Children love to play and explore around the home; however, this can lead to them coming into contact with potentially poisonous substances. These substances may even be things you didn’t know were poisonous to children.

Preventing accidental poisonings starts with knowing what is poisonous to children and how to properly store it away from children.

Proactive Prevention: Building a Safer Home Environment

Mother handling cleaning materials.

Creating a home environment where children can be safe from possible poisoning is possible. The first step is to identify what items in the house are poisonous.

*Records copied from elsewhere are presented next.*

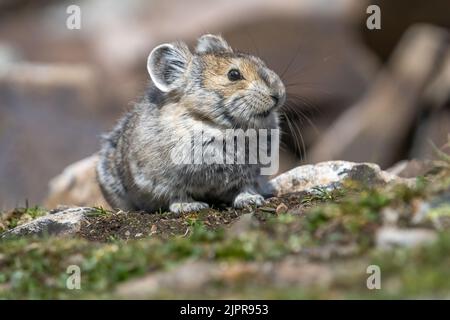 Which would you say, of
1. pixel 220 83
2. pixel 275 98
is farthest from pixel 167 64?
pixel 275 98

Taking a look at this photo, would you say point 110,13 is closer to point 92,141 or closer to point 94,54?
point 94,54

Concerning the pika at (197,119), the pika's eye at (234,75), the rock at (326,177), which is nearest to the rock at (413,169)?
the rock at (326,177)

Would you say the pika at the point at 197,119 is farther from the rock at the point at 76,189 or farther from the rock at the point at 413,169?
the rock at the point at 76,189

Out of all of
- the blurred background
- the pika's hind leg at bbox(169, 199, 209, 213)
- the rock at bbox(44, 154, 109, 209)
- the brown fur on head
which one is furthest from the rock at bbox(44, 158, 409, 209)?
the blurred background

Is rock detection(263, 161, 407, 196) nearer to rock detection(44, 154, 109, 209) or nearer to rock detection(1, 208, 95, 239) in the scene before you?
rock detection(1, 208, 95, 239)

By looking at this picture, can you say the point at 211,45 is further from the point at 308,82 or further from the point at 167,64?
the point at 308,82

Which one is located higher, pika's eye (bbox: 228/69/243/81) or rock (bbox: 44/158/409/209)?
pika's eye (bbox: 228/69/243/81) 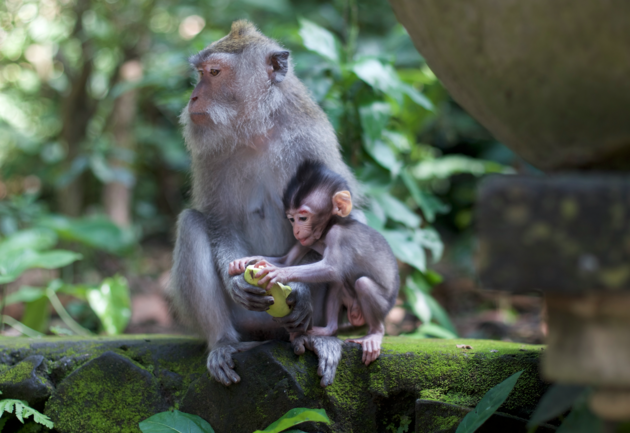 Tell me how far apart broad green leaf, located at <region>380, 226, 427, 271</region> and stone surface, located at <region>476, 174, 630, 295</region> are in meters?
2.73

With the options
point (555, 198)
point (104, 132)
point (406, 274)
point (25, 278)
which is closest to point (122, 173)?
point (104, 132)

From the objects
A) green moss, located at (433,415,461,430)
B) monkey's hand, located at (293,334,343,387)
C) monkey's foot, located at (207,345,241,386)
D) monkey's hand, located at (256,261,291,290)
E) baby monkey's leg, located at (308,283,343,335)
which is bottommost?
green moss, located at (433,415,461,430)

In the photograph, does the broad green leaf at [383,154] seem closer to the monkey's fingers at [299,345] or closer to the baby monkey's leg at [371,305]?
the baby monkey's leg at [371,305]

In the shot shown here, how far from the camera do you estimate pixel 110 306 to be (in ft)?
15.6

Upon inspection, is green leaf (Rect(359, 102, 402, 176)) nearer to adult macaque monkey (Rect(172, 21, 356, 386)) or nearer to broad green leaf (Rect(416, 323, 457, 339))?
adult macaque monkey (Rect(172, 21, 356, 386))

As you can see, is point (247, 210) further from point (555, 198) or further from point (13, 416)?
point (555, 198)

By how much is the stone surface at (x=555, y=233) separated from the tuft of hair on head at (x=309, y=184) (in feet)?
5.24

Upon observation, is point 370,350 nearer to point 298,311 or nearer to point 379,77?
point 298,311

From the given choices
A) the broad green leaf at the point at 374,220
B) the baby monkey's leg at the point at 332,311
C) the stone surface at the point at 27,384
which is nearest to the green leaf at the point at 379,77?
the broad green leaf at the point at 374,220

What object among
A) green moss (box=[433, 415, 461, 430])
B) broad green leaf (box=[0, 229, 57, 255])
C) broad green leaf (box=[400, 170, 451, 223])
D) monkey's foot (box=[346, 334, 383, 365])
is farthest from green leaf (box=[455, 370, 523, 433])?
broad green leaf (box=[0, 229, 57, 255])

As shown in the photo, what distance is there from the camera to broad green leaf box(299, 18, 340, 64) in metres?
4.33

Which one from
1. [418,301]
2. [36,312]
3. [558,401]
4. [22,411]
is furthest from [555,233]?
[36,312]

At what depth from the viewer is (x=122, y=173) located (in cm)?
731

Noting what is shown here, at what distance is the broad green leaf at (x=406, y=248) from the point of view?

If you aren’t sure how to identify all possible poisons in your household, you can arrange a home evaluation. Your pediatrician or local health department may be able to help you find a professional who can do that for you.

Once you have identified the poisons in your household, the next step is to store them away from children. Children become more mobile and can open more things as they age, so extra safety measures may be necessary to keep them from getting into those storage spaces. Safety equipment, such as cabinet locks, child-safe containers, and safety gates, can help prevent children from getting into those substances and give you time to whisk them away from where they are stored.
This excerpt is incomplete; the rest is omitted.